Heute kann man sagen: Es ist ihnen gelungen. Mittlerweile arbeitet die J.A.W. Family – wie man sich seinerzeit, wohl aus einer Mischung einer Übermut und Unverfrorenheit in Anlehnung an Moodymans Alias nannte: Just Another White Family – seit 13 Jahren mit diesen und anderen Künstlern zusammen. Dass sie sich Familiy nennen, hat einen realen Hintergrund: Nicht nur waren die Initiatoren Brüder und organisierten die Veranstaltungen mit einem gefühlten Verwandten, ihrem Freund Julien Chiche; darüber hinaus bekochte die Mutter in den Anfangstagen die Künstler zu Hause, Chiches Onkel kutschierte die Musiker herum.

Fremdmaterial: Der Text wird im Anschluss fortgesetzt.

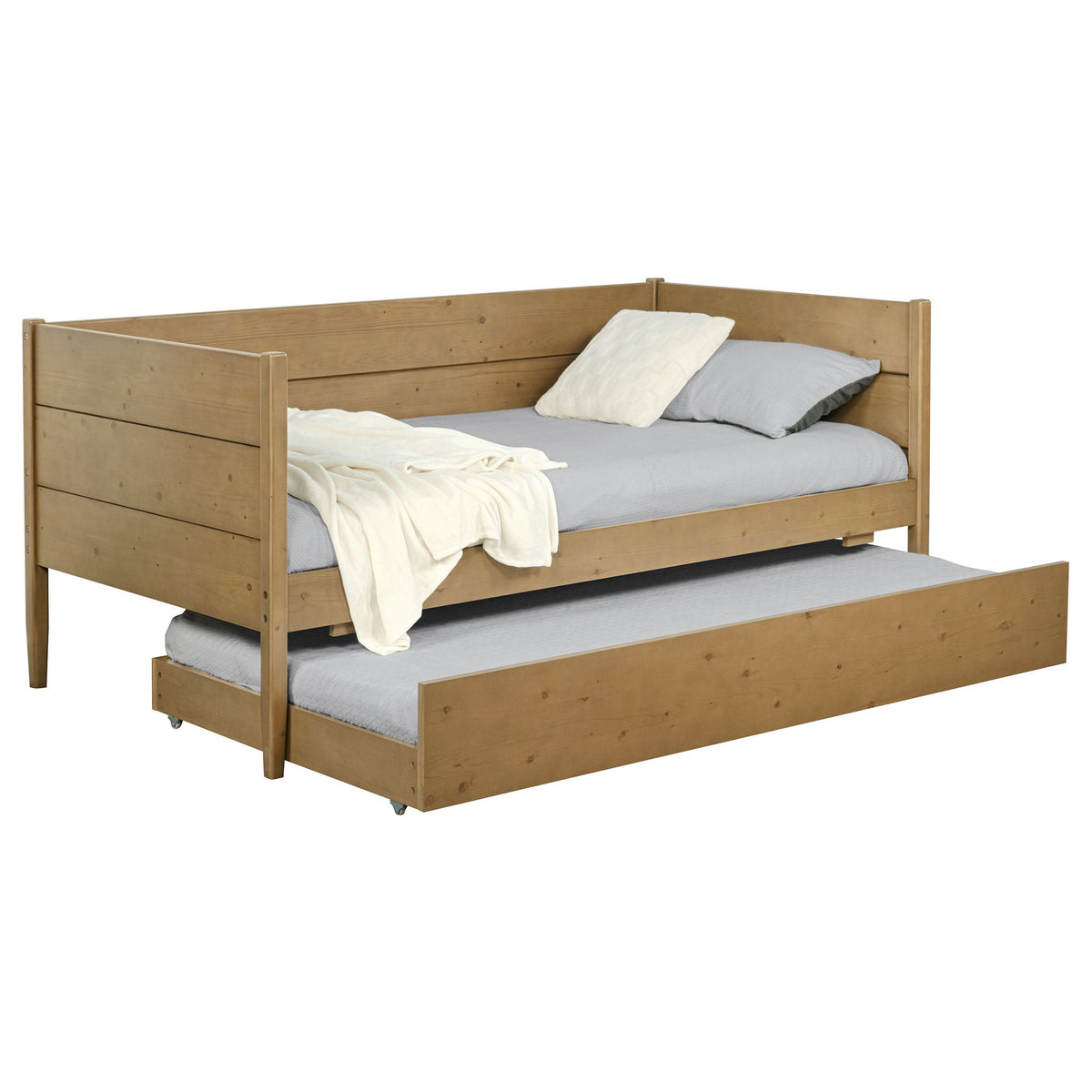 Stewart Twin Daybed with Trundle in Natural wood, two-bed setup with pull-out trundle on Tampa Home & Garden Store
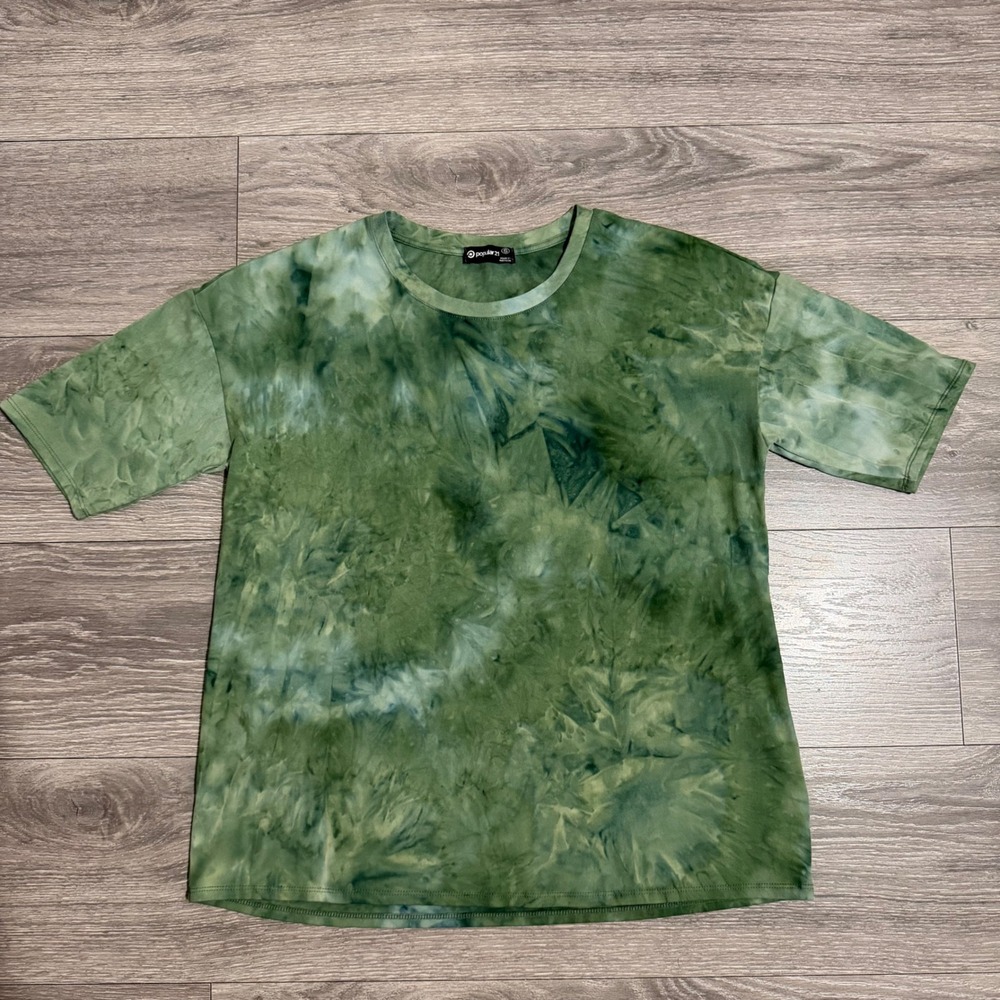 Popular‎ 21 Green Tie Dye Short Sleeve Relaxed T-Shirt Womens Small Hippie Boho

Denen gefiel diese Art der Zusammenarbeit. Über die Jahre erweiterte sich Fokus der J.A.W. Family hin zum Jazz – schlichtweg, weil sie sich mit den Wurzeln der Musik beschäftigten, die sie faszinierte. So stießen sie immer tiefer in Jazzgefilde vor. Neben den Partys veranstalteten sie zunehmend Konzerte. Dazu, dass Jazz seit einigen Jahren auch in Berlin von jungen Leuten in Clubs und auf Konzertbühnen gefeiert wird, hat die umtriebige J.A.W Family ihren Beitrag geleistet: Schließlich kam das Revival hier langsamer in die Gänge als in London oder auch Paris, wo Jazz und Jazz-Inspiriertes junge Leute schon seit den frühen nuller Jahren auf die Tanzfläche zog. Die ersten Jahre in Berlin waren zäh, erinnert sich Thomas Vermynck. Jetzt gibt es zur zweiten J.A.W. Family Reunion drei spannend kuratierte Veranstaltungen; die erste fand vor drei Jahren anlässlich der leicht verspäteten Sause zum zehnten Geburtstag mit Gästen wie dem Trompeter Christian Scott und dem Robert Glasper Experiment statt.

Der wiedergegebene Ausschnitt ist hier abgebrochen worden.